= ACTIVITY =
Please repeat the records beneath this task exactly as they appear, but skip the images.

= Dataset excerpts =
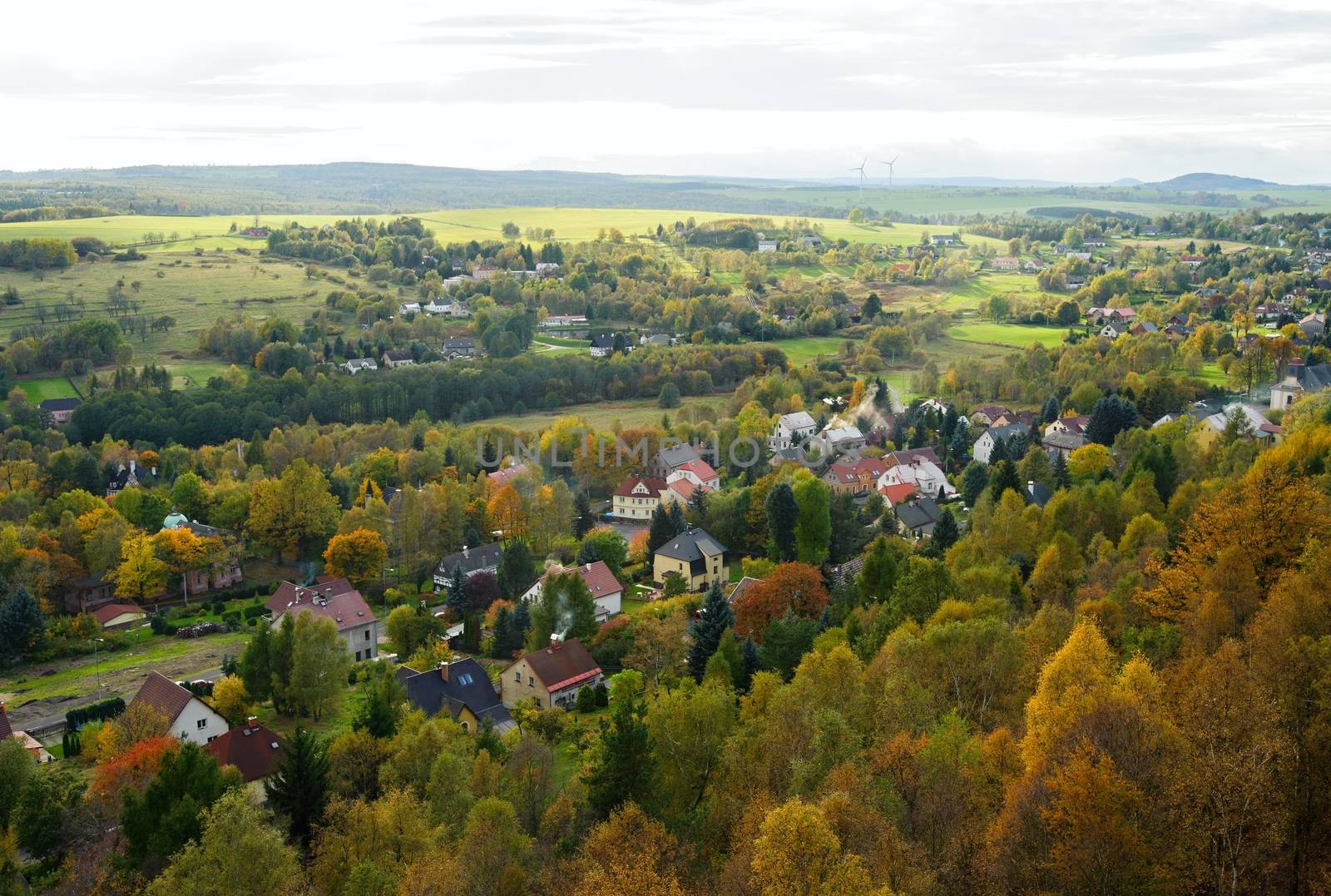 Autumn colorful landscape with forests, hills, sun and sky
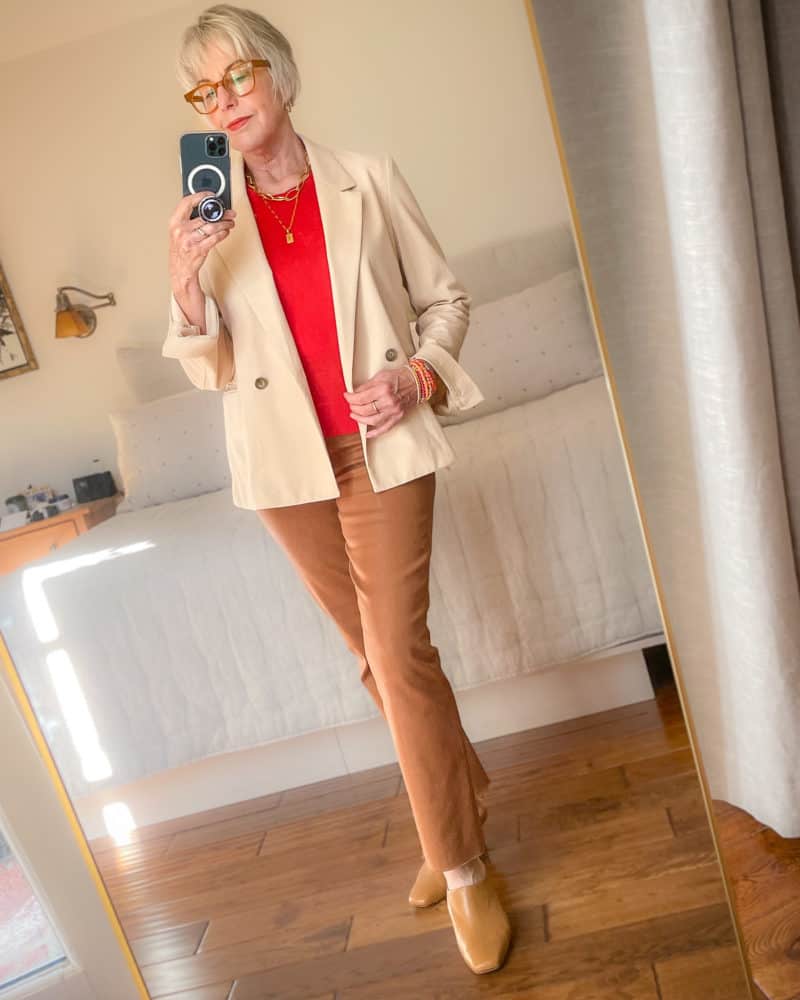 Susan B. wears a light peach jacket, red sweater, tan coated denim jeans, camel mules, gold necklaces.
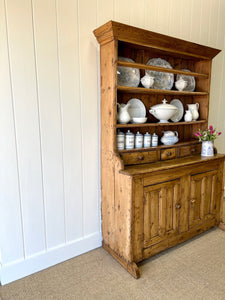 An Early 19th Century Pine Irish Dresser or Cupboard with Wooden Knobs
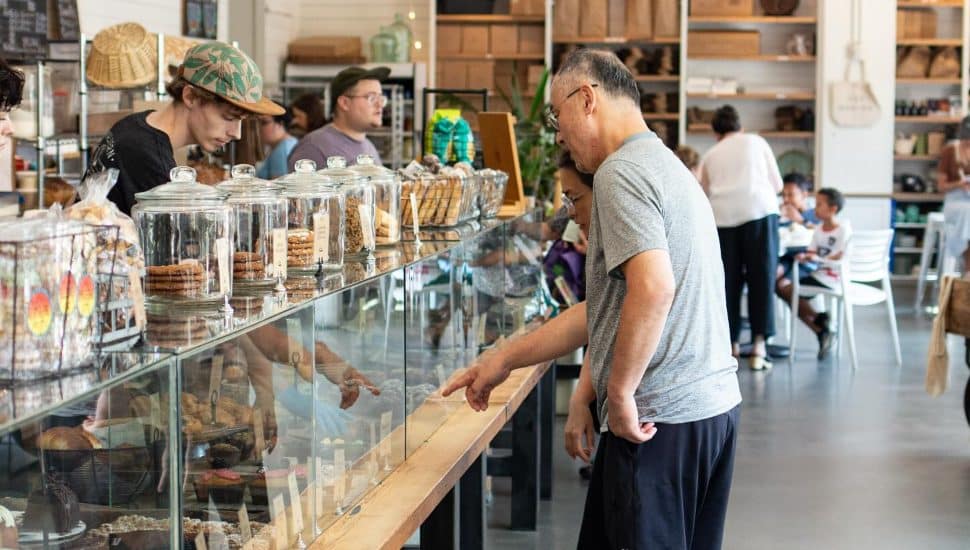 Customers inside Malvern Buttery ordering food and standing.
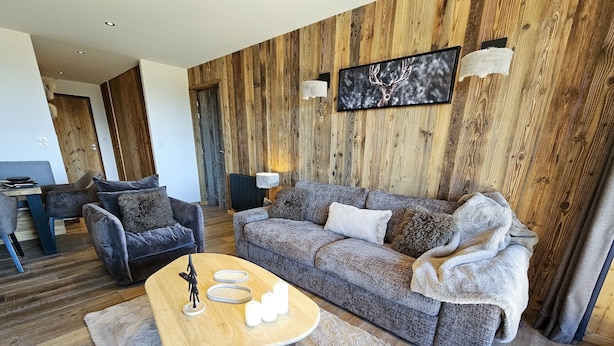 A modern living room with a wooden wall panel, a grey sofa, a wooden coffee table, and a fireplace.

= WRITTEN SOLUTION =
 Autumn colorful landscape with forests, hills, sun and sky
 Susan B. wears a light peach jacket, red sweater, tan coated denim jeans, camel mules, gold necklaces.
 An Early 19th Century Pine Irish Dresser or Cupboard with Wooden Knobs
 Customers inside Malvern Buttery ordering food and standing.
 A modern living room with a wooden wall panel, a grey sofa, a wooden coffee table, and a fireplace.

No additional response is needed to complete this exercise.